The first layer of verification is not reading the source. It is ensuring the build process is deterministic and reproducible. If you cannot rebuild the binary from the source in isolation and get the same output, you are trusting, not verifying.

AI as audit aid

But then: How to audit hundreds, thousands, tens of thousands lines of code?

You could do that manually.

Or, you could use AI to assist you.

The TrapDoor attackers (and many other AI-guided attackers alike) used them as a delivery mechanism.

The irony is: AI can also be part of the defense, if used correctly. A properly skilled and mechanically enforced verification workflow could use an AI assistant to analyze source code, postinstall hooks, build scripts, and unusual imports - flagging patterns that do not match what the package claims to do.

A simple prompt like "review this postinstall script and list every external network call, file write, and command execution" is a legitimate audit aid.

But the AI is a scanner, not an auditor. A human still needs to read the flagged items and decide whether they are legitimate or suspicious. The AI cannot tell you whether a function calling require('crypto') is supposed to hash a checksum or encrypt credentials for exfiltration. You still need domain knowledge for that.

There is no such thing as Vibe-Auditing.

Poisoned config files - and how to defend against them

What about prompt injection through poisoned config files?

Scanning a config file with a magnifying glass reveals contamination under scrutiny

.cursorrules, CLAUDE.md, .github/copilot-instructions.md - these files control how an AI assistant behaves. If an attacker plants one, the assistant follows instructions that were not written by the developer.

The defense is straightforward: Always treat these config files as untrusted input. Scan them for zero-width and control characters before any AI assistant reads them. Use a hex editor or cat -v on every config file that you did not write yourself. Do not let an AI assistant read a project directory without first inspecting the rules files inside it. The TrapDoor campaign worked because developers assumed config files were safe, but they are not anymore.

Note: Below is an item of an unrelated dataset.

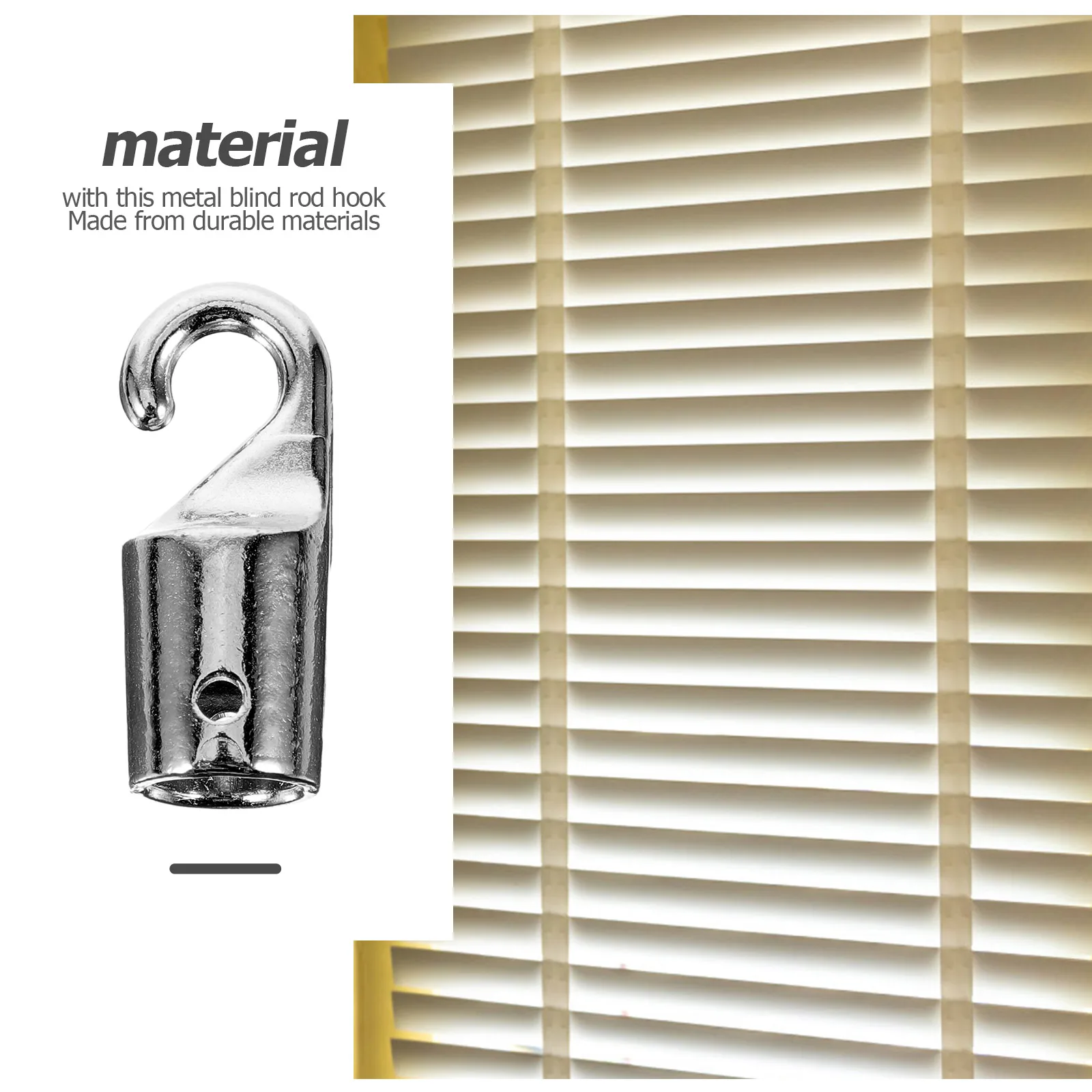 4 قطعة عصا عمودية أعمى هوك براعة رائعة أنيقة ديكور المنزل أعمى اكسسوارات عصا هوك للستائر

This applies to containers as well. A container built from a poisoned base image or with poisoned build dependencies carries the compromise into every deployment. Just saying.

Bottom line

If you are building software and cannot audit the source of your components, you are not building software. You are assembling someone else's code and hoping it does not bite you.

The approach that used to be called responsible engineering is now the only defense that stands between your codebase and a credential-stealing postinstall hook that gets picked up by your AI assistant and exfiltrates your SSH keys to a GitHub Gist.

The pain in adjusting will be real. But it is the fastest and most reliable way of mitigating supply-chain attacks once the supply chain itself can no longer be trusted.